● What you will do
Copy out the full listing exactly, omitting any picture it contains.
##### Given information #####
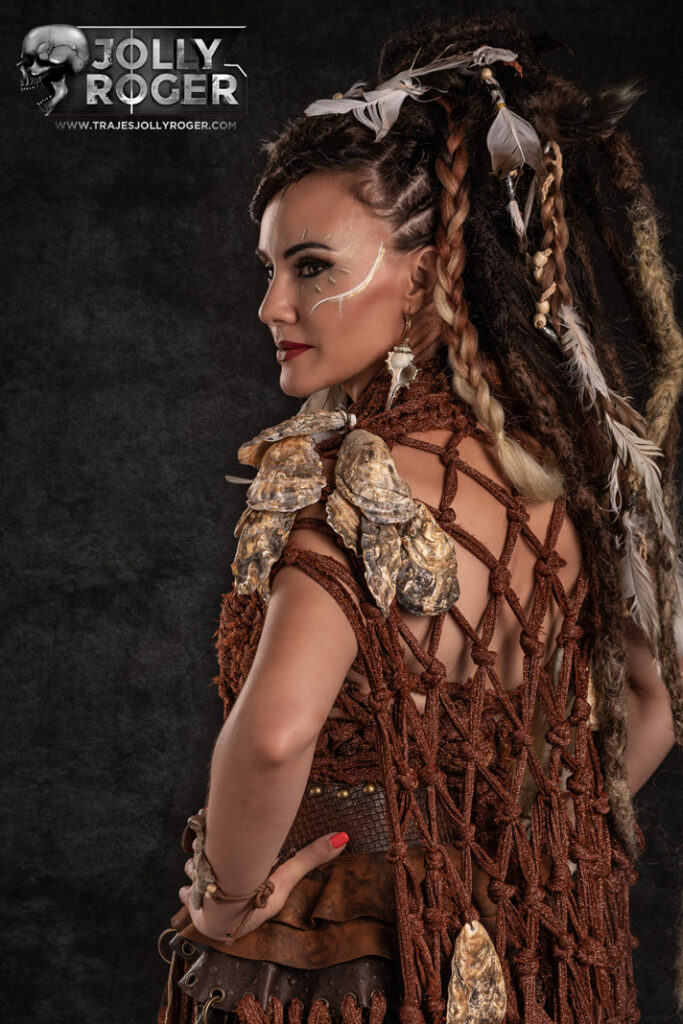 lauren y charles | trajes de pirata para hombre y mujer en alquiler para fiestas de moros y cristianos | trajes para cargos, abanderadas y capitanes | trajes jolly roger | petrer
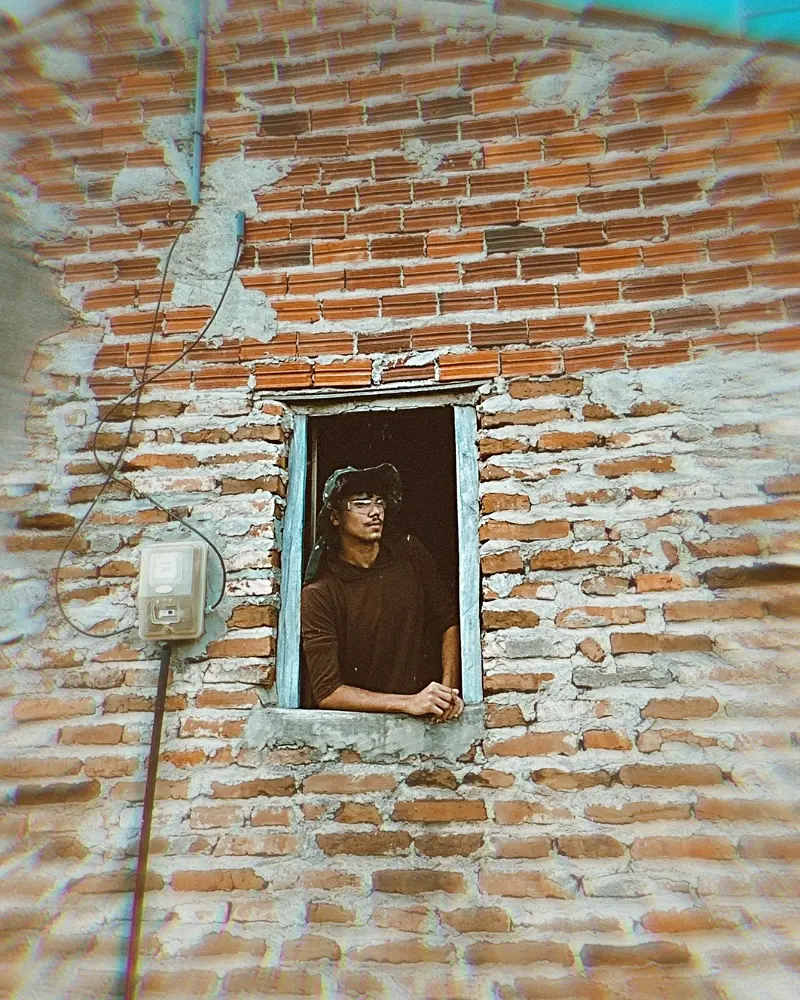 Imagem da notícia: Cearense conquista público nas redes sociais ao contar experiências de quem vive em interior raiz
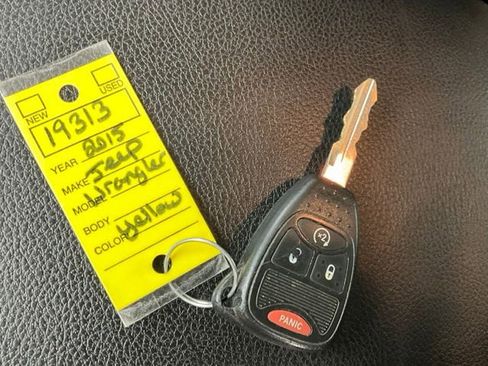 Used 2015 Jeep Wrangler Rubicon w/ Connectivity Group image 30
#####
● Your response
 lauren y charles | trajes de pirata para hombre y mujer en alquiler para fiestas de moros y cristianos | trajes para cargos, abanderadas y capitanes | trajes jolly roger | petrer
 Imagem da notícia: Cearense conquista público nas redes sociais ao contar experiências de quem vive em interior raiz
 Used 2015 Jeep Wrangler Rubicon w/ Connectivity Group image 30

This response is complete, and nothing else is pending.